Le rapport coût-bénéfice n’a d’équivalent nulle part ailleurs sur un bâtiment. C’est aussi l’occasion, pour un professionnel qui monte, de repérer les débuts de désordre — une tuile fissurée, un solin qui s’ouvre, un crochet descellé — alors qu’ils coûtent encore quelques dizaines de francs à corriger.

Vocabulaire

Le lexique suisse du couvreur

Quelques termes reviennent en permanence dans les devis et dans nos guides. Les connaître vous aidera à comparer des offres et à comprendre ce que l’on vous propose.

Ferblanterie — le travail des éléments métalliques de la toiture. C’est le terme suisse ; on ne dit pas zinguerie ici, et l’artisan est un ferblantier.

Chéneau — l’élément qui collecte l’eau en bas de pente.

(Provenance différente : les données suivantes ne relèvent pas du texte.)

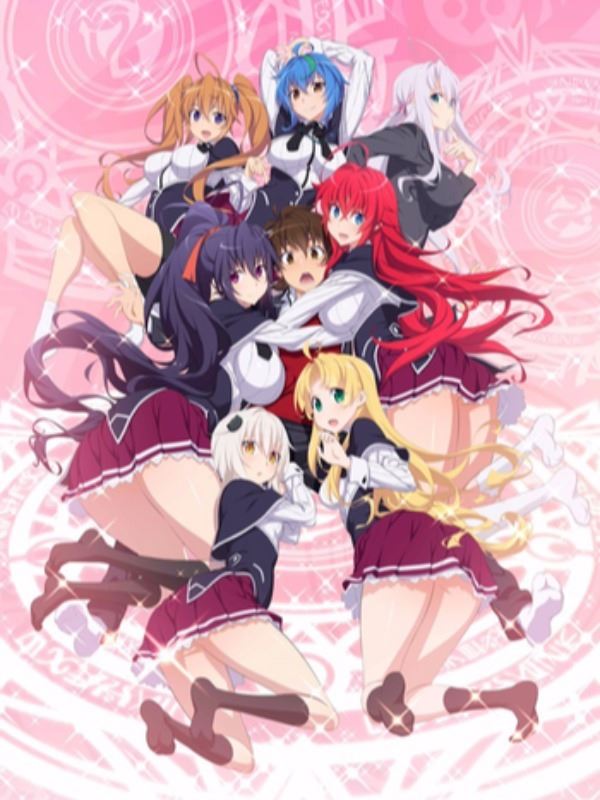 High School DxD (LN) icon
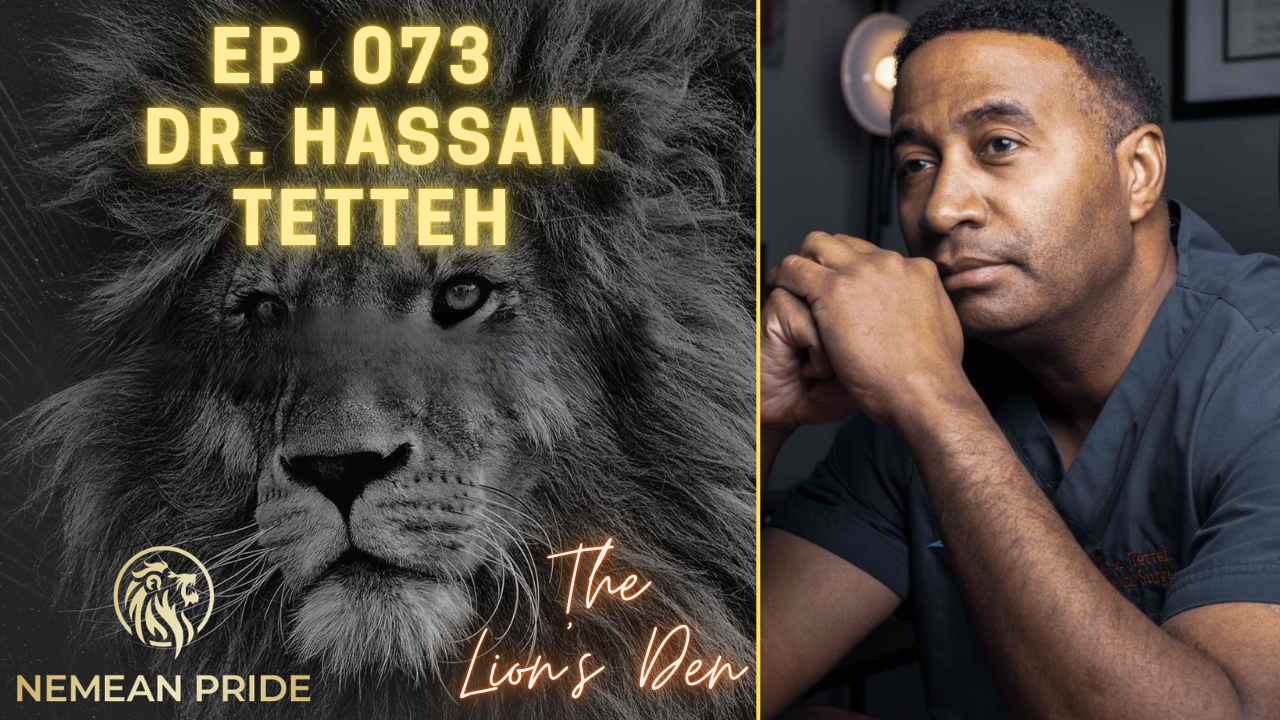 Ep. 073- Dr. Hassan Tetteh- Founder of the STAR Team episode artwork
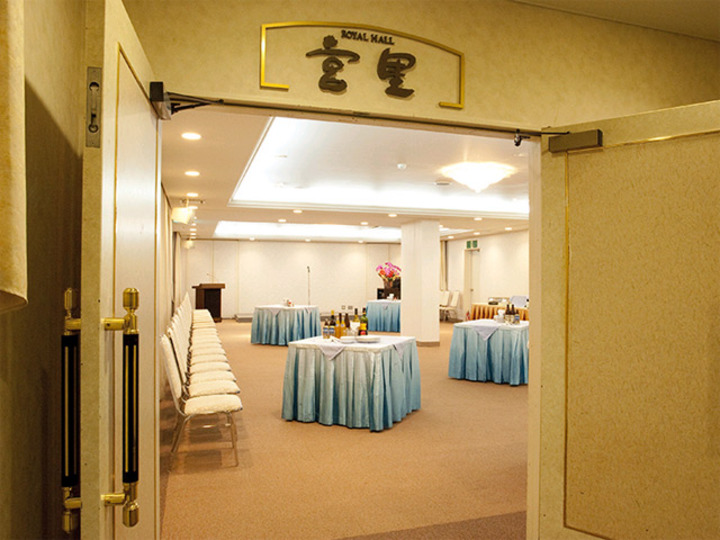 宴会場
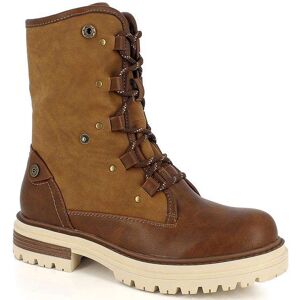 Kimberfeel - Bottines Fourrées Yasmine marron 39 - Publicité Kimberfeel - Bottines Fourrées Yasmine marron 39 - Publicité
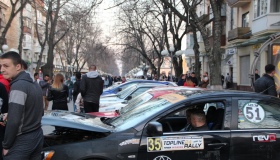 У центрі Полтави представили учасників перегонів Ltava Attack Series. ФОТО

Il peut être pendant, suspendu sous l’égout, ou encastré dans la corniche. Le second est bien plus dangereux quand il fuit.

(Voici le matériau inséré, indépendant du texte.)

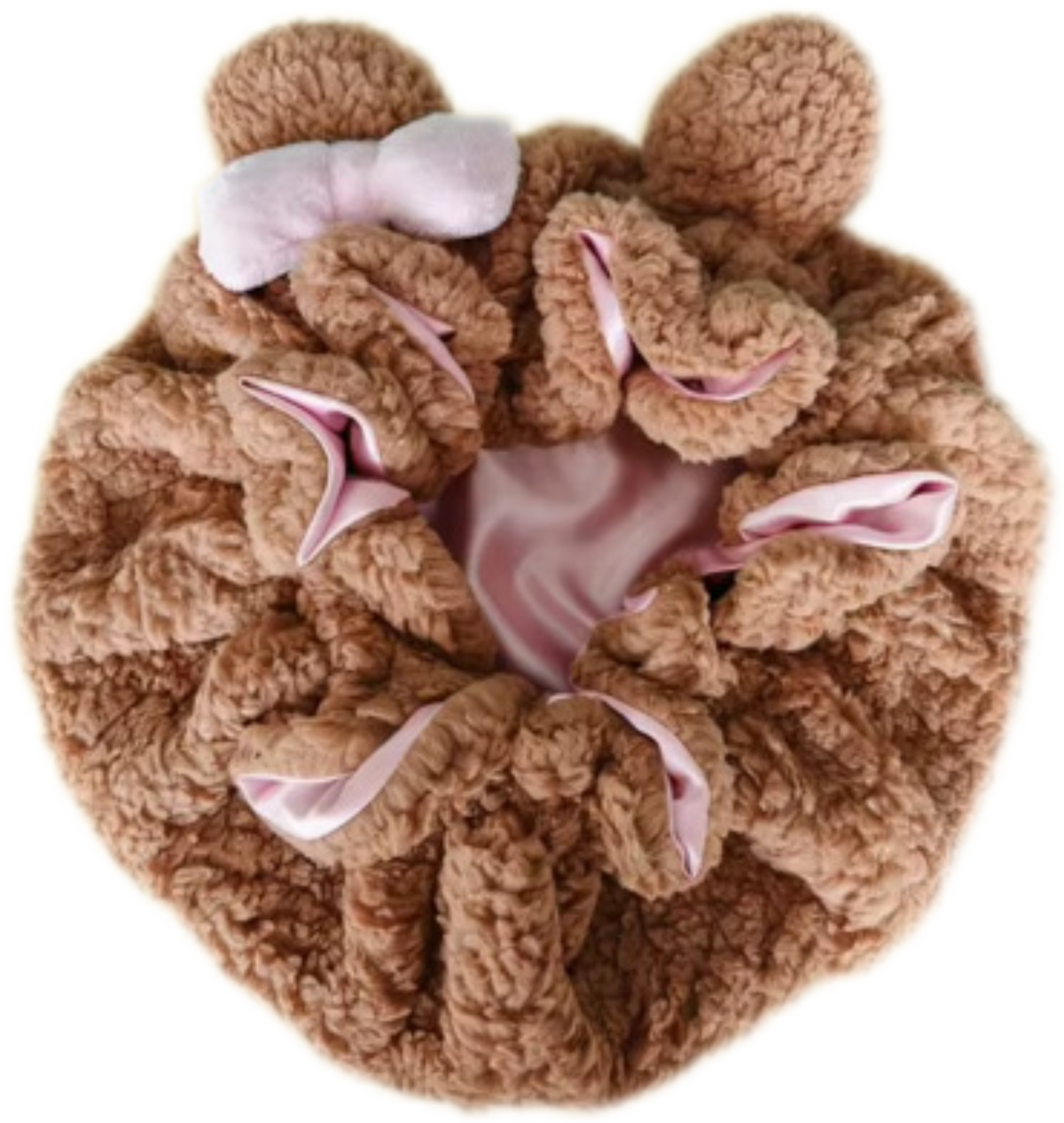 TEDDY PLUSH BONNET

Sous-toiture — l’écran souple posé sous le lattage. C’est la seconde barrière étanche, celle qui recueille l’eau passant sous les tuiles par vent fort ou neige poudreuse.

Lame d’air — l’espace ventilé entre l’isolant et la couverture. Sans elle, la condensation s’installe et la charpente se dégrade, même sans la moindre fuite.

Solin — le raccord métallique entre la couverture et une émergence : cheminée, mur, lucarne. L’un des points d’infiltration les plus fréquents.

Noue — la ligne creuse où se rejoignent deux versants. Elle concentre l’eau des deux pans et exige un large recouvrement.

Sablière — la pièce de charpente horizontale qui repose sur le mur, en bas de pente. C’est elle qui souffre en premier quand un chéneau fuit.

Arrêt-neige — crochet ou barre qui empêche la neige de glisser d’un bloc. Le dimensionnement se fait en nombre de rangées, pas en simple présence.

Tavillon — plaquette de mélèze fendue, couverture traditionnelle alpine dont l’étanchéité vient du gonflement du bois sous la pluie.

Sarking — isolation posée par l’extérieur, au-dessus des chevrons. La meilleure solution technique, réservée aux chantiers de réfection.

Gélivité — la sensibilité d’un matériau au gel. Une tuile gélive absorbe l’eau, la laisse geler, et sa surface éclate.

Une question qui n’est pas traitée ici ?

Appelez-nous ou décrivez votre situation. Nous répondons volontiers, même quand la réponse est qu’il n’y a rien à faire pour l’instant.

FAQ

Questions sur nos guides

Ces guides s’appliquent-ils hors du Valais ?

Les principes physiques valent partout, mais les dispositifs d’aide, les procédures d’autorisation et les charges de neige sont spécifiques au canton et à la commune. Pour un bâtiment situé dans un autre canton, vérifiez les modalités locales : le Programme Bâtiments est mis en œuvre différemment d’un canton à l’autre.

Pourquoi parler de ferblanterie et non de zinguerie ?

Parce que c’est le terme du métier en Suisse romande. La ferblanterie est une filière de formation à part entière, avec ses propres normes de pose. Le mot zinguerie appartient au vocabulaire français et n’a pas cours ici.

Les prix indiqués sont-ils fiables ?

Ce sont des fourchettes indicatives issues de ce que nous observons dans le Chablais valaisan et le Bas-Valais. Elles servent à cadrer un projet, pas à remplacer un devis. La pente, la hauteur, l’accessibilité et l’état de la charpente font varier le total de manière significative.

Puis-je réaliser moi-même certains de ces travaux ?

L’isolation de combles perdus est accessible à un bricoleur soigneux, en respectant la continuité du pare-vapeur et la ventilation périphérique. Tout ce qui implique de monter sur le toit ne l’est pas : c’est là que surviennent la majorité des accidents graves. Notez aussi qu’une pose en autoconstruction n’ouvre généralement pas droit à une subvention.

À quelle fréquence ces guides sont-ils mis à jour ?

Nous les révisons lorsque les pratiques ou les dispositifs évoluent. Pour tout ce qui touche aux subventions, aux barèmes et aux autorisations, l’information officielle du canton et de votre commune prime toujours sur ce que vous lirez ici.